CCPA Section 1798.105 establishes the consumer's right to request deletion of personal information. The CPRA added Section 1798.106 establishing the right to correct inaccurate personal information. Under CCPA, a business must direct any service providers and contractors that have received the consumer's personal information to delete it as well. AG-061 implements this by propagating deletion requests to all data locations, including those managed by processors and sub-processors.

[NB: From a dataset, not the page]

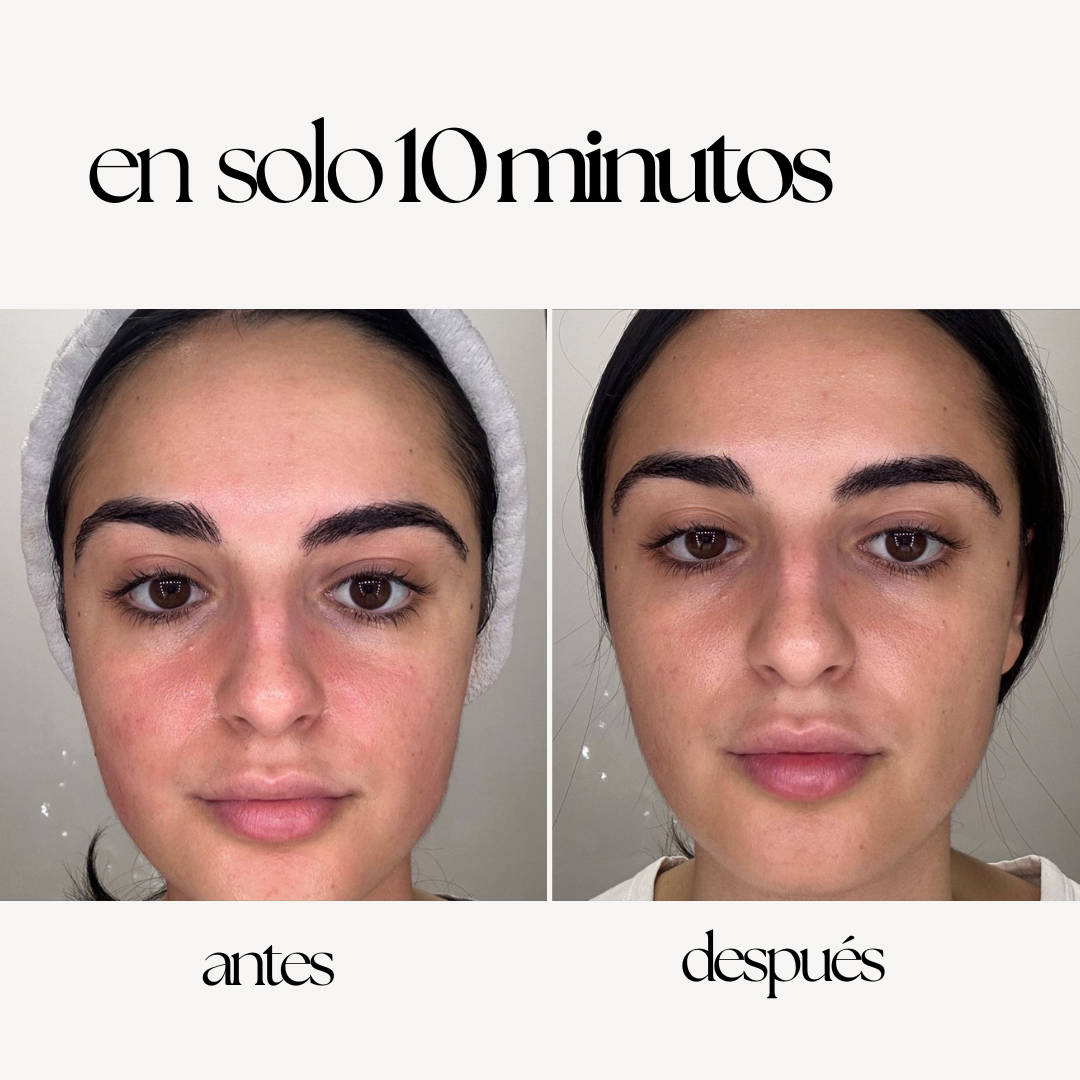 REDNESS CONTROL CREAM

HIPAA's right to amend (45 CFR 164.526) requires covered entities to amend protected health information when requested by the individual, with certain exceptions. Unlike GDPR's rectification right, HIPAA allows the covered entity to deny the amendment if it determines the information is already correct — but if the amendment is accepted, it must be propagated to persons the entity knows have the information and who may have relied on it. For AI agents in healthcare, this means rectification must propagate to all clinical decision support systems, RAG knowledge bases, and care coordination platforms where the incorrect data may influence patient care.
| Field | Value |
|---|---|
| Severity Rating | Critical |
| Blast Radius | Individual to organisation-wide — a single incomplete erasure is an individual rights violation; systematic propagation failure across all erasure requests is an organisation-wide compliance failure |
Consequence chain: Incomplete erasure propagation means that personal data continues to exist in systems after the data subject has been told it was deleted. The immediate consequence is a rights violation: the data subject exercised a legal right and the organisation failed to honour it. The regulatory consequence under GDPR is enforcement action — the right to erasure is a core data subject right, and systematic failure to implement it demonstrates inadequate technical measures under Article 5(1)(f). The reputational consequence is severe: data subjects who discover that their data was not erased despite confirmation lose trust in the organisation entirely. For rectification, the consequences can be more immediate and dangerous: incorrect personal data in AI decision-making systems (clinical, financial, employment) can cause direct harm to the data subject. A patient whose blood type rectification does not propagate to the AI clinical decision support system faces a patient safety risk. An employee whose performance data rectification does not propagate to the AI workforce planning system faces potential career harm from decisions based on incorrect data. The organisational consequence of systematic propagation failure is a data protection authority investigation that may reveal broader compliance gaps, leading to supervisory measures including processing restrictions.
Cross-references: AG-013 (Data Sensitivity and Exfiltration Prevention) provides the data classification that enables comprehensive data inventories; AG-060 (Data Minimisation and Retention Governance) reduces the propagation surface by limiting where personal data exists; AG-059 (Lawful Basis and Consent Enforcement) governs the legal basis under which data was collected, which may affect erasure exemptions; AG-047 (Cross-Jurisdiction Compliance Governance) addresses jurisdiction-specific variations in erasure and rectification rights; AG-049 (Governance Decision Explainability) supports transparency when erasure exemptions are applied.